PROBLEM STATEMENT. Only the lines from the one with "The National Day Parade 2019" to the end of the listing below should be set down, exactly as written and without any pictures.

*** PROVIDED RECORDS ***

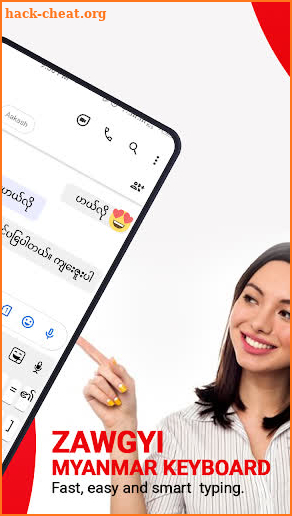 Zawgyi Myanmar keyboard - Zawgyi Typing app screenshot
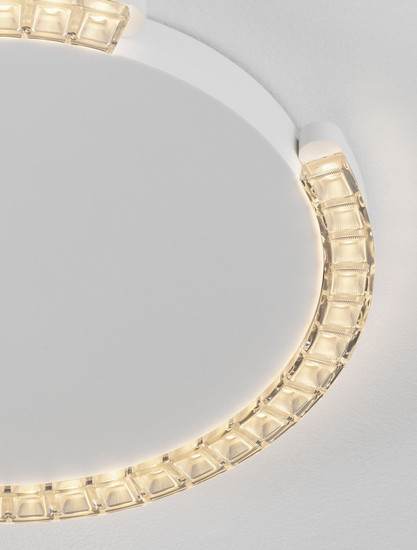 Nova Luce LED Deckenleuchte Greamy dimmbar 21W warmweiss 3000K Weiß Aluminium Ø46cm 9030963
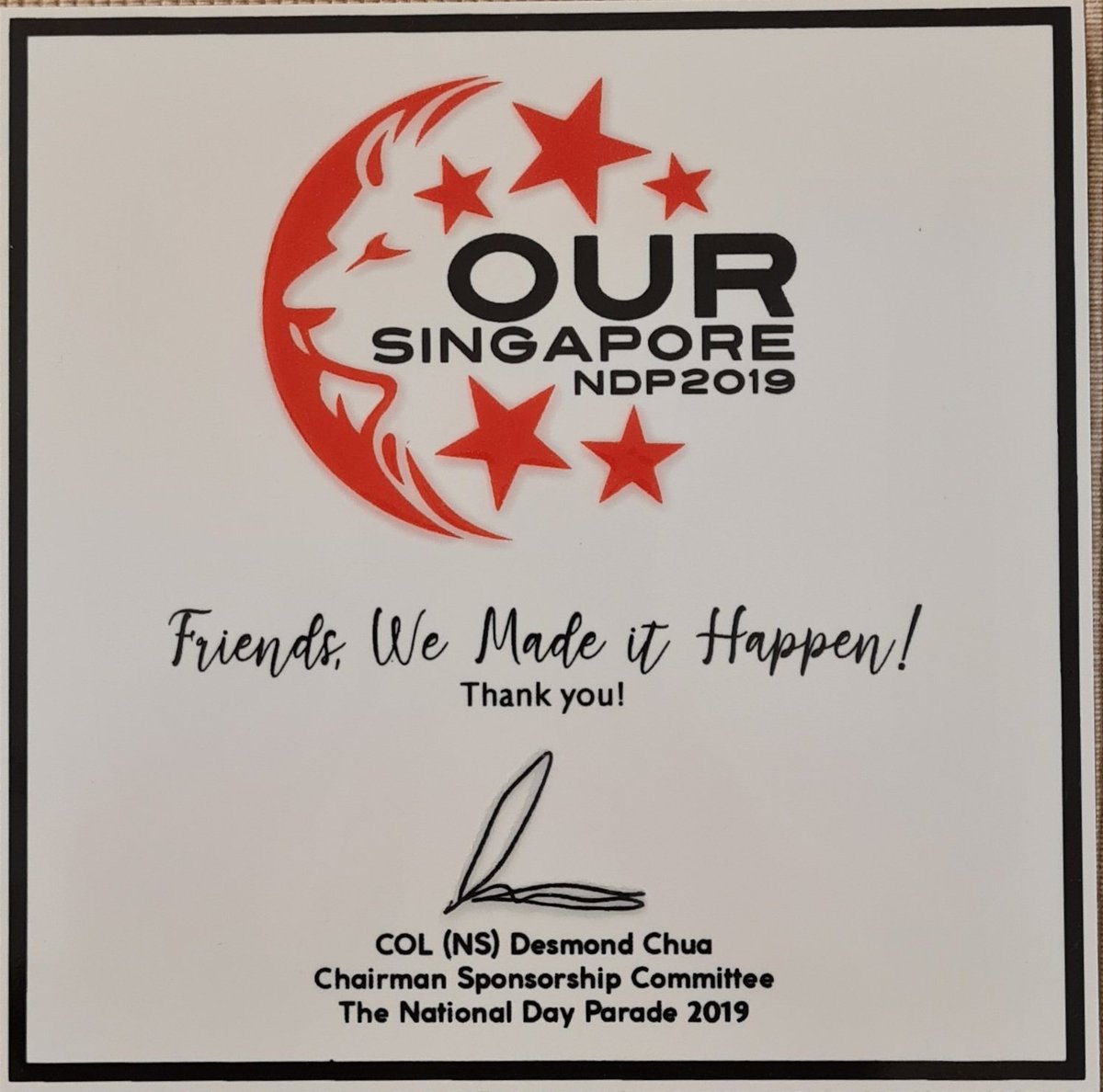 The National Day Parade 2019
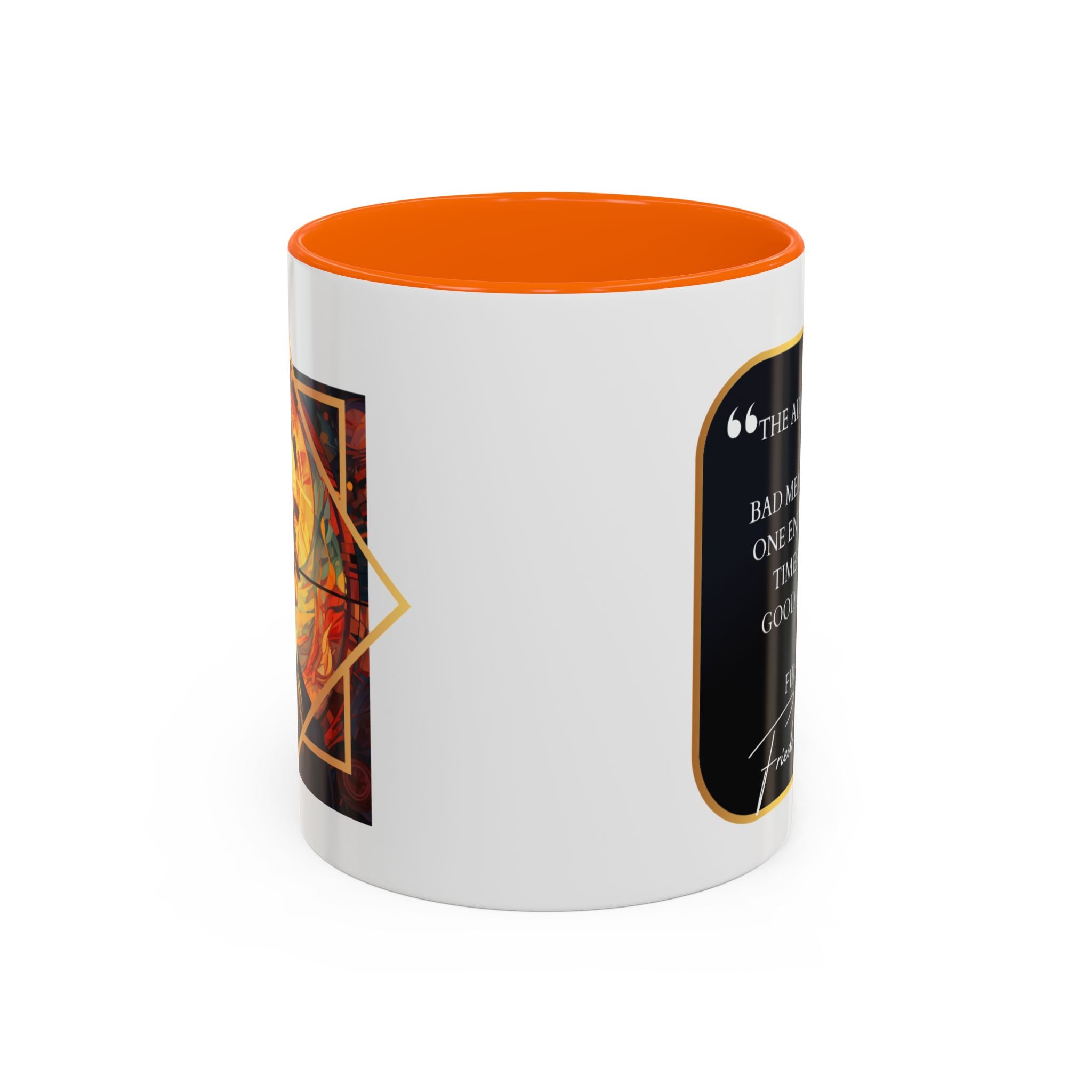 Nietzsche Bad Memory Advantage Quote Coffee Cup | 11oz, 15oz Accent Mugs for Philosophy Lovers & Thoughtful Gifts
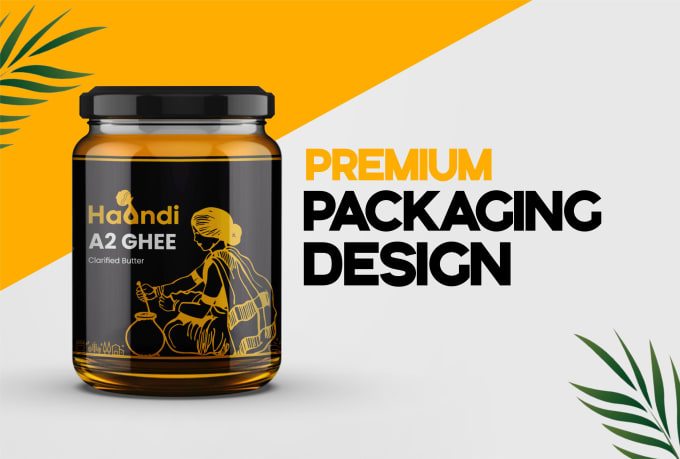 Gig Preview - Do premium product packaging box design and label design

***

RESPONSE.
 The National Day Parade 2019
 Nietzsche Bad Memory Advantage Quote Coffee Cup | 11oz, 15oz Accent Mugs for Philosophy Lovers & Thoughtful Gifts
 Gig Preview - Do premium product packaging box design and label design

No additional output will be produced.